President Grant also heads a company which owns the Hotel Utah, largest in the State. He is head of the Utah State National Bank, the Zion Savings Bank & Trust Co., of both of which the Church apparently holds majority stock. He is president of the Utah Home Fire Insurance Co. The Church is reputed to be a minority stockholder in the Deseret National Bank, the Deseret Savings Bank.
Big Mormon names appear on the boards of practically every important enterprise in Utah, but none more often than that of Heber Jedediah Grant. Born 73 years ago in Salt Lake City, he is the first native of Utah to lead his Church (the senior of the Twelve Apostles, high church council, is always chosen President). In 1918 he succeeded Joseph F. Smith, nephew of Founder-Prophet Joseph. President Grant's father died when his son was nine. The boy played smart baseball, developed a florid script di which he is still proud, worked at journalism until he ran the paper (the late Salt Lake Herald), organized insurance companies, banks. Meanwhile, in 1877, he married Lucy Stringham. Seven years later, on May 26, he espoused Augusta Winters and, on May 27, Emily Wells. The last is the only one of his three wives now alive. In 1882 a startling businessman, aged 25, he was chosen one of the Twelve Apostles. During 1901-03 he lived in Japan as a Mormon missionary, then served two years as head of missionary activity in Europe.
Tall, bewhiskered, graced with patriarchal kindness and authority, he is, as divinely authorized President, Prophet, Seer and Revelator of the Latter-day Saints, responsible to no one for his administration of L. D. S. affairs.
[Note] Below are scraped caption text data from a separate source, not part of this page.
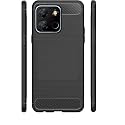 COVERBLACK Case Silicone Hybrid Rubber Case Back Cover for Itel A60s - Black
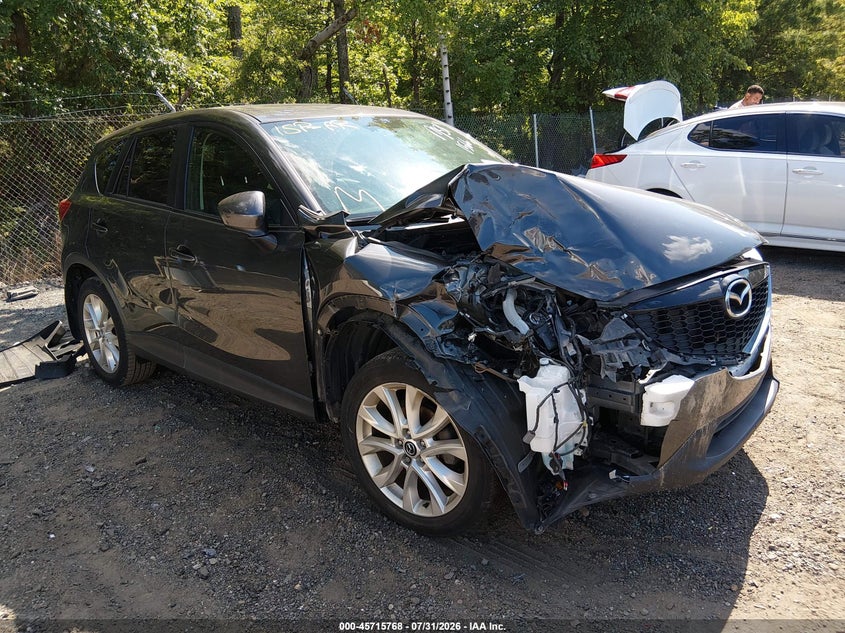 2014 Mazda Cx-5 VIN JM3KE4DY6E0371566 IAAI salvage auction — RIGHT FRONT, Salvage Title, sold $1,600 on 2026-08-22 (photo 1)
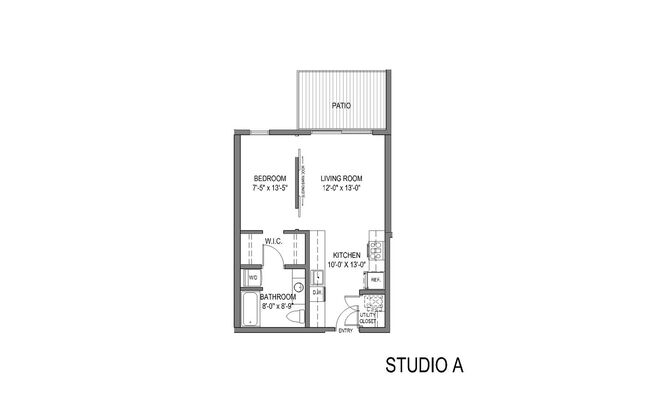 Studio, 1 bath, 550 sqft, $1,475, Unit 515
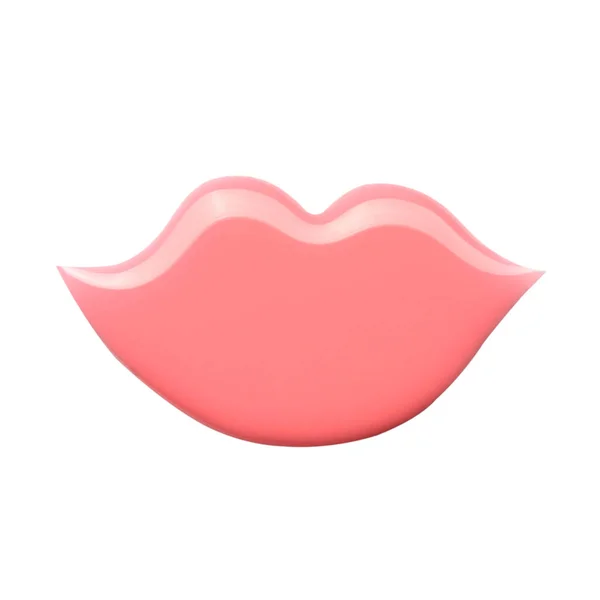 Blok Van Roze Lippen Vormige Nagellak Geïsoleerd Witte Achtergrond Een — Stockfoto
Two other high priests or Presidents constitute with him the First Presidency or governing triumvirate of the Church: Anthony W. Ivins. Charles Wilson Nibley. Both are potent Salt Lake City financiers, board members. Next are the Twelve Apostles, most famed of whom is U. S. Senator Reed Smoot, chairman of the Senate Finance Committee, devout Mormon and second in line for the Mormon Presidency (TIME, April 8, 1929). Next are the Presiding Patriarch (head evangelist), the First Quorum of Seventy (foreign ministry), the Presiding Bishopric (temporal affairs), the Standing Ministry (high priests, seventies, elders, priests, teachers, deacons).
A Mormon diocese, called a stake, includes men of varying degrees of priesthood. All worthy male Mormons belong to the priesthood. And each and every one is a Latter-day Saint. Able Saints not already mentioned: Apostle George Albert Smith, past president of the International Irrigation Congress; Apostle James Edward Talmadge, famed geologist, onetime President of the University of Utah; Apostle John Andreas Widtsoe, irrigation expert, member of the Boulder Dam fact-finding committee of which Herbert Clark Hoover was chairman; U. S. Senator William Henry King of Utah; James Henry Moyle, Assistant Secretary of the Treasury in the Wilson Administration; Edgar Bernard Brossard, U. S. Tariff Commissioner; Heber Manning Wells, treasurer of U. S. Shipping Board Merchant Fleet Corp.; Joshua Reuben Clark, Jr., Undersecretary of State under Calvin Coolidge; Dr. Harvey Fletcher, famed acoustics' expert (Bell Telephone laboratories).
* By Mormons a Jew, or any other non-Mormon, is called a Gentile.